El médico Inge Morild era un niño a principios de la década de los ’70, pero recordaba que en sus primeros tiempos como forense en Bergen, la mandíbula de la mujer, guardada por su antecesor, había sido enviada al sótano del Hospital Universitario de Haukeland. No le resultó fácil encontrarla.

Los análisis de isótopos de estroncio y oxígeno, que rastrean compuestos absorbidos en etapas específicas del desarrollo de los dientes, indicaron que la mujer se pudo haber trasladado desde Europa oriental o central hacia Occidente en su adolescencia o poco después.

Un indicio más de que la “mujer de Isdal” podría ser una espía que vino del frío.

Cuando buscó las muestras de tejido conservadas por los forenses que hicieron la autopsia, la policía descubrió que ya no estaban donde debían estar.
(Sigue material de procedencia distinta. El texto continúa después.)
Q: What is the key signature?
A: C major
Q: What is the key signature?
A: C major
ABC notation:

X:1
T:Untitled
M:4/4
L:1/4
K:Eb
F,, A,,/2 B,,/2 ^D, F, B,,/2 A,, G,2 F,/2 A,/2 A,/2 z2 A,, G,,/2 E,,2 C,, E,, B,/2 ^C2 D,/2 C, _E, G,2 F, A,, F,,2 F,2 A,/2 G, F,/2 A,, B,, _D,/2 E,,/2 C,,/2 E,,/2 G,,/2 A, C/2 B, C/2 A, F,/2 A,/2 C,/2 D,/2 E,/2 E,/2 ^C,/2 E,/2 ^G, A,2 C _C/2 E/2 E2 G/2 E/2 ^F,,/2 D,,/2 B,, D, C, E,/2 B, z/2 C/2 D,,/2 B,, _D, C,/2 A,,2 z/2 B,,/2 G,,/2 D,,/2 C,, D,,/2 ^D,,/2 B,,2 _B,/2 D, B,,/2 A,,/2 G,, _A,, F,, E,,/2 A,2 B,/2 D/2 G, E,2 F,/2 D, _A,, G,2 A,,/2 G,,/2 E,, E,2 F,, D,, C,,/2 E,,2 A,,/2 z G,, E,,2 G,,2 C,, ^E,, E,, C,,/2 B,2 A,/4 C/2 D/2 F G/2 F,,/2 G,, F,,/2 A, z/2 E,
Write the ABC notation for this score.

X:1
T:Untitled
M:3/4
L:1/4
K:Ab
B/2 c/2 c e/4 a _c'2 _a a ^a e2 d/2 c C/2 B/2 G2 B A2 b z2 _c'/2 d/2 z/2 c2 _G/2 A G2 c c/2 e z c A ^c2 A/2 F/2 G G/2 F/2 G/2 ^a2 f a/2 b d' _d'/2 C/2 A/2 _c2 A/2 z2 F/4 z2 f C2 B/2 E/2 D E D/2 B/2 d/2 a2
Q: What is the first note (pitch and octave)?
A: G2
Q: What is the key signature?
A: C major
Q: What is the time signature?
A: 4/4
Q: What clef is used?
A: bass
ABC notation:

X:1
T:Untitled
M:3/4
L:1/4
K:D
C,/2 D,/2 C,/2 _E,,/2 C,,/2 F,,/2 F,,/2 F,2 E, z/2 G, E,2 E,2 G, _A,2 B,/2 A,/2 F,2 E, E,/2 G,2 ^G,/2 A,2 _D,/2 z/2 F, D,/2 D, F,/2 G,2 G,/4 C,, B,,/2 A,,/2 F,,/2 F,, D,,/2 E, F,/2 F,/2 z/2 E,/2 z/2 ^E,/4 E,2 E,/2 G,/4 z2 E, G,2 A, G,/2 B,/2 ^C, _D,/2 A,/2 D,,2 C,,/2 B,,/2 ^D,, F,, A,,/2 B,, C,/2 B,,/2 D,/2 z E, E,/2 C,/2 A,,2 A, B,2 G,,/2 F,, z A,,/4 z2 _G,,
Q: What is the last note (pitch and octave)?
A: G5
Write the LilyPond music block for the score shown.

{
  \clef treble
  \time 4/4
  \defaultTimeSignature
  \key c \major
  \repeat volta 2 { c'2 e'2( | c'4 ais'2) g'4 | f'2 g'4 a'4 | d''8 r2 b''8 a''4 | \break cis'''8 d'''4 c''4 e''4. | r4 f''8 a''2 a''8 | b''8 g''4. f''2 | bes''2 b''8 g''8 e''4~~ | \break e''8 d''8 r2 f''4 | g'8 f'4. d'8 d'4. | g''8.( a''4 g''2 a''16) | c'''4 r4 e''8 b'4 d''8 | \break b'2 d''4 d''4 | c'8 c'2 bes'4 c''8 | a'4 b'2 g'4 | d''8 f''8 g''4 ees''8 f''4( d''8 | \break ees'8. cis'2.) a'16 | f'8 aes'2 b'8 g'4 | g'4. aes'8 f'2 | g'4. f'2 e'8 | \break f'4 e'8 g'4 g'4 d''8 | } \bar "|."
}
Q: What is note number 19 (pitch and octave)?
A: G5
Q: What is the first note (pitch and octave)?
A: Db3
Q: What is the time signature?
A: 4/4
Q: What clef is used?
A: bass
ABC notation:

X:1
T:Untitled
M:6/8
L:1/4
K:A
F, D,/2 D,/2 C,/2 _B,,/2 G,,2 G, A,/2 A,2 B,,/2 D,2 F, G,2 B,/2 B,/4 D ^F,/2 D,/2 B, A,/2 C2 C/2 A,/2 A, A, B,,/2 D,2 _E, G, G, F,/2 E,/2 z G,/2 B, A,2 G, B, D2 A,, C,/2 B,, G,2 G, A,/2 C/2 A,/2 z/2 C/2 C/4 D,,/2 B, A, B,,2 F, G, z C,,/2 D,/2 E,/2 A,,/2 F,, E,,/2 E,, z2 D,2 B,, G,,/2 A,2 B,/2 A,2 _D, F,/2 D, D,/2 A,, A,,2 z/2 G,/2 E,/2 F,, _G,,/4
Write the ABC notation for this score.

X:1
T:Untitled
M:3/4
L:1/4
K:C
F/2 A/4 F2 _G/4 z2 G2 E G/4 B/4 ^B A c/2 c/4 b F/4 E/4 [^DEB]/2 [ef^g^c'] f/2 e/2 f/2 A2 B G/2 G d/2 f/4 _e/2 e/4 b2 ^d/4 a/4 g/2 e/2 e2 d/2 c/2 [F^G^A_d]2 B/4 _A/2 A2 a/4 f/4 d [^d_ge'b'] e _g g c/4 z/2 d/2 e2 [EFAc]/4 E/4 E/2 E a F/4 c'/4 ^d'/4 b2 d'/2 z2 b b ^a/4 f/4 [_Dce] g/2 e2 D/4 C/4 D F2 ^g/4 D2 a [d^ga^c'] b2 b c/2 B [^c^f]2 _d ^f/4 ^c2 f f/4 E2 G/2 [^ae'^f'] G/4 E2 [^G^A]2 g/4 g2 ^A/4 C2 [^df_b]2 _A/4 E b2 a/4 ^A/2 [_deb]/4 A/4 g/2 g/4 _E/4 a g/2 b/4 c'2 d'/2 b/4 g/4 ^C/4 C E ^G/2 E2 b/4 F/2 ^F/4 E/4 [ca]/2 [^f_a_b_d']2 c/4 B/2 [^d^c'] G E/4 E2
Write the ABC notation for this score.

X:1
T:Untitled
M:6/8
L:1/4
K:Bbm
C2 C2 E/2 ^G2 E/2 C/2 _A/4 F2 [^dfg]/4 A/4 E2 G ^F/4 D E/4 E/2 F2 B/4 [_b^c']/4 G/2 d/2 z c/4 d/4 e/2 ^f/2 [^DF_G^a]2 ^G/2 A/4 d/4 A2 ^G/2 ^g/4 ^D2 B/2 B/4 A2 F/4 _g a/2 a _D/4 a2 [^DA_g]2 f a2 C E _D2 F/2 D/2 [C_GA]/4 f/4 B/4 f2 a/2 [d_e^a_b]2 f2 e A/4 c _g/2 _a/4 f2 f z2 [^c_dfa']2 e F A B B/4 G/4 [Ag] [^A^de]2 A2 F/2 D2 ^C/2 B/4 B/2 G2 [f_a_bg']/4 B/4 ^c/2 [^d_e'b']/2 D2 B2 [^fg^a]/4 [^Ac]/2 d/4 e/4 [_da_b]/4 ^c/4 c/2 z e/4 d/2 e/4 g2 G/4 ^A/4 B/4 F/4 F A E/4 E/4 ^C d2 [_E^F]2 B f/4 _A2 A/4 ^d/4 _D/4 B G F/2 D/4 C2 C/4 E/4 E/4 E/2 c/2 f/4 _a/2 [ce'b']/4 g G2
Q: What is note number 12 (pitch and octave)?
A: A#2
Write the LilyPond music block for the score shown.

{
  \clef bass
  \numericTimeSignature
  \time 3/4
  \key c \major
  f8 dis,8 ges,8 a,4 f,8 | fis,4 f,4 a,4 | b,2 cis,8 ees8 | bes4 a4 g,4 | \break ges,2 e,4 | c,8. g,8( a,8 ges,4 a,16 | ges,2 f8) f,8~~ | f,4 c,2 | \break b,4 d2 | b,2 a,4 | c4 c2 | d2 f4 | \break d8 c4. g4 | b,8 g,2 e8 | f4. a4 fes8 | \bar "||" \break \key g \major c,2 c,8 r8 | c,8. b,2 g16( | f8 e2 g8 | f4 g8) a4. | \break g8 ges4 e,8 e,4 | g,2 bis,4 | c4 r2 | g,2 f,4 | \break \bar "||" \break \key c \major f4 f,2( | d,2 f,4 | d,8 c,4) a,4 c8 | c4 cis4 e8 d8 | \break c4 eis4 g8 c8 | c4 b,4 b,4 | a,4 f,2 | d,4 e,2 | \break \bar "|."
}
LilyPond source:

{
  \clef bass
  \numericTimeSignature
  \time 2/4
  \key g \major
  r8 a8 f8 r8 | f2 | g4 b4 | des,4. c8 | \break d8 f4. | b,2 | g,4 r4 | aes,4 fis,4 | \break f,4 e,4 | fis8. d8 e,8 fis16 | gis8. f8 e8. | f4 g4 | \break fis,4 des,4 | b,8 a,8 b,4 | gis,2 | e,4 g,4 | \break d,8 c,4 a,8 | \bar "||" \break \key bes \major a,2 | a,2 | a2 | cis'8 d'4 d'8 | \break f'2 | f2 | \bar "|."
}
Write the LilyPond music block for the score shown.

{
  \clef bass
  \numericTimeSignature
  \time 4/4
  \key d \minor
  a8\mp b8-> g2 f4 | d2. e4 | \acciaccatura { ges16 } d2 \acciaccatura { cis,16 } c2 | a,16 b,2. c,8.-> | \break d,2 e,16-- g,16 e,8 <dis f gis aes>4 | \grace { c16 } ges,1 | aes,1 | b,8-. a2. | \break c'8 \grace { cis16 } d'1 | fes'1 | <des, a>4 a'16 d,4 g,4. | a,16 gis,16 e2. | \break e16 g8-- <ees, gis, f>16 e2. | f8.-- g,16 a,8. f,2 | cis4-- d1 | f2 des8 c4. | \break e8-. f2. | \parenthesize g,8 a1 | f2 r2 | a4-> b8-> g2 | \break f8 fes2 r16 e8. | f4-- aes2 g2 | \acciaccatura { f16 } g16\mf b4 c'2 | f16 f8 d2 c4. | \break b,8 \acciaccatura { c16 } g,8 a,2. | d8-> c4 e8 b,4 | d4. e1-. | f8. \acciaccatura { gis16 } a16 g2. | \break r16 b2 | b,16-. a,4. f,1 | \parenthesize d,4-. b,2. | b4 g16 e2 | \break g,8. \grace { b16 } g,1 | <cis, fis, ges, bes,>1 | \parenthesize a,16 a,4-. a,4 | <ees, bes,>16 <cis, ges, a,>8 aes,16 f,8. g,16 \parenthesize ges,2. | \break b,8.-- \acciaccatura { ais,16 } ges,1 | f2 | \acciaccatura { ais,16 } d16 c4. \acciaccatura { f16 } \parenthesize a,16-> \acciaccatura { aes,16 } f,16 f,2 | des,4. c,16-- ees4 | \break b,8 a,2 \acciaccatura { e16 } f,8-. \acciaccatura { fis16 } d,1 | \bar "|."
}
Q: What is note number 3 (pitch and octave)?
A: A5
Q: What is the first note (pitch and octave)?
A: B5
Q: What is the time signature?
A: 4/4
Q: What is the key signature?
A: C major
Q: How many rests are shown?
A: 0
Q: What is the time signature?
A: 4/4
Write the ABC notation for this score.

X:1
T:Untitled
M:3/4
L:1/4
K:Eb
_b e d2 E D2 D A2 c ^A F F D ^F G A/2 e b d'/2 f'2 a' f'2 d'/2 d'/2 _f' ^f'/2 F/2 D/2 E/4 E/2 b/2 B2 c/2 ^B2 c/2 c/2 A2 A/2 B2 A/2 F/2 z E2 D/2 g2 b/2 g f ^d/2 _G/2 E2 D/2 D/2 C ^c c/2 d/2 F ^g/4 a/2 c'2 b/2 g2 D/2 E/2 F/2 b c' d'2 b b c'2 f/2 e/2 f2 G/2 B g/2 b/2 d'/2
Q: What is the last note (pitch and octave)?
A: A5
Podían simplemente haberse perdido, pero lo extraño del caso es que no faltaba ninguna otra muestra de la época, ni de antes y de después. Los tejidos de la “mujer de Isdal” eran los únicos desaparecidos, lo que hace sospechar que fueron a parar a las manos de la inteligencia noruega.

Finalmente se pudieron rescatar muestras de ADN de los dientes, pero no hubo coincidencias en ninguna de las bases de datos – incluida la de Interpol – con las que fueron comparados.

Más de medio siglo después, la verdadera identidad y la nacionalidad de la “mujer de Isdal”, qué hacía en Noruega en 1970 y por qué la mataron, siguen siendo parte de un misterio sin resolver.

Uno de los enigmas que dejó el despiadado mundo del espionaje durante la “Guerra Fría”.